***** Records provided *****

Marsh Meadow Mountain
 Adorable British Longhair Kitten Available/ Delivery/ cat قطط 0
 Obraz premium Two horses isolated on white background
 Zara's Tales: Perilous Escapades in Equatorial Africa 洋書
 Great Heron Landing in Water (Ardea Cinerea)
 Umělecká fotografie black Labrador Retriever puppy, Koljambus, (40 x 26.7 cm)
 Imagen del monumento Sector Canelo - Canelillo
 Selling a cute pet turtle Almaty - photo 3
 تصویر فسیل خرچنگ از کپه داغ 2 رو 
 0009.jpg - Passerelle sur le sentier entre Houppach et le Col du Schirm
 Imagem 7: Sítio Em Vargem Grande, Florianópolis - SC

*****

— What is required —
From the line that contains "0009.jpg - Passerelle" through the last line of the listing, every line is to be restated word for word, both ends included.

— Finished task —
 0009.jpg - Passerelle sur le sentier entre Houppach et le Col du Schirm
 Imagem 7: Sítio Em Vargem Grande, Florianópolis - SC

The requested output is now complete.